Captioned web images
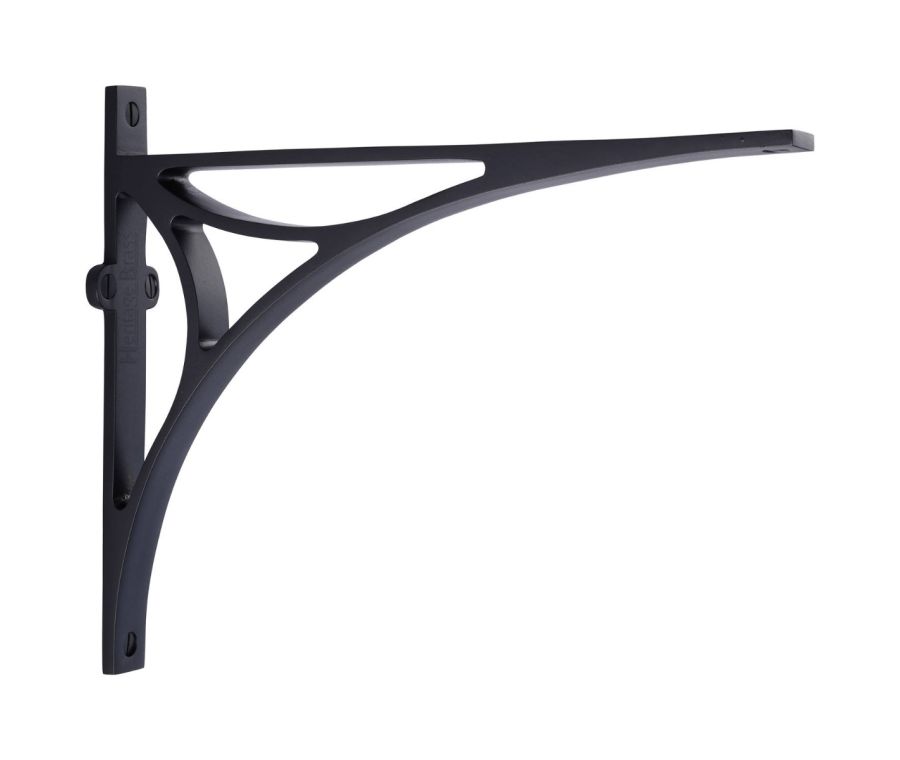 Heritage Brass Matt Black Bridge Shelf Bracket  |  BR2190 10-BKMT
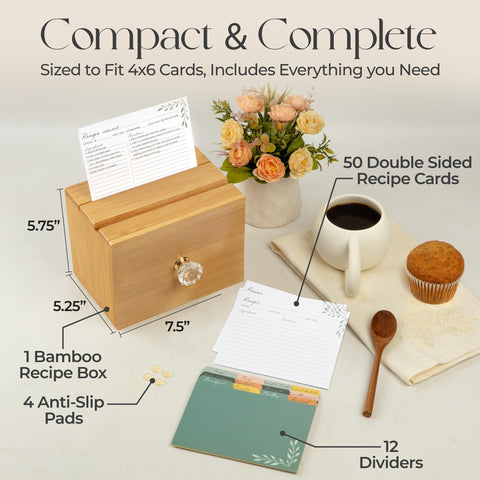 Simply Daisy 12 dividers arranged to categorize recipes for quick lookup.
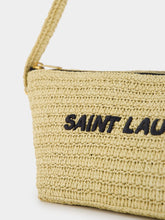 Saint Laurent Woven Raffia Shoulder Bag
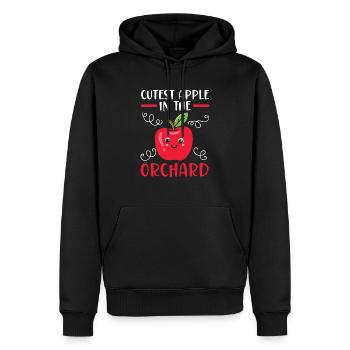 Apple Picking Squad Apple Fruit Lover Apple - Men’s Premium Organic Hoodie - black - Front - Nico (187cm)
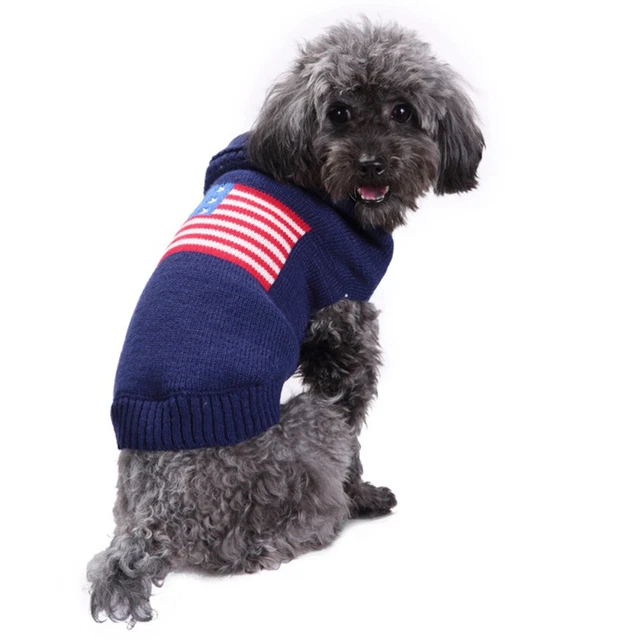 Hund Der Amerikanischen Flagge Katzen-Hunde-Outfits Mittel Groß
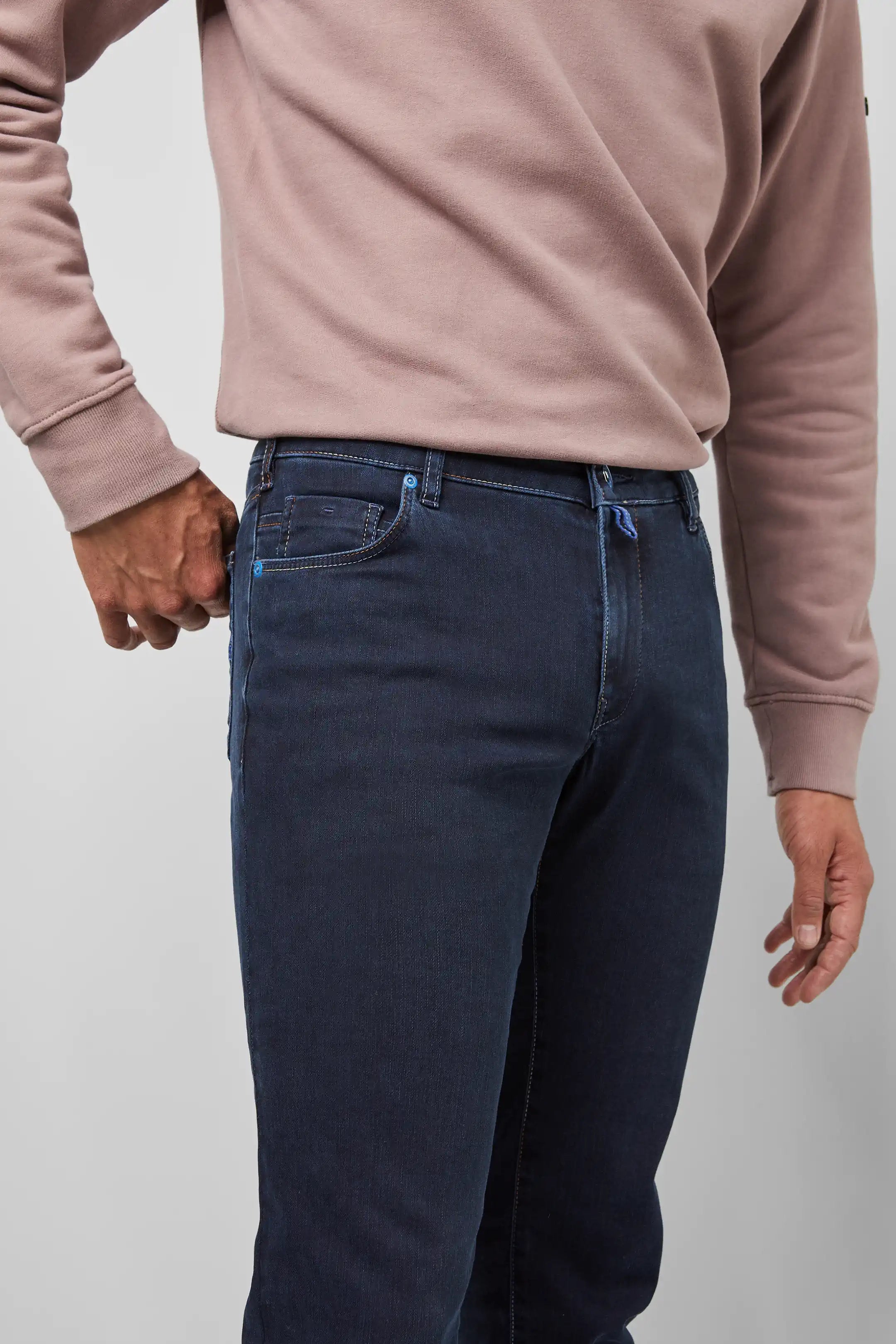 Meyer Dark & Clean Denim M5 Slim Modern Fit Blue Jeans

#### Task to carry out
Pick up at the line containing "Saint Laurent Woven Raffia Shoulder Bag" and copy each line exactly until the data ends, including that last line; copy no pictures.

#### Task solution
 Saint Laurent Woven Raffia Shoulder Bag
 Apple Picking Squad Apple Fruit Lover Apple - Men’s Premium Organic Hoodie - black - Front - Nico (187cm)
 Hund Der Amerikanischen Flagge Katzen-Hunde-Outfits Mittel Groß
 Meyer Dark & Clean Denim M5 Slim Modern Fit Blue Jeans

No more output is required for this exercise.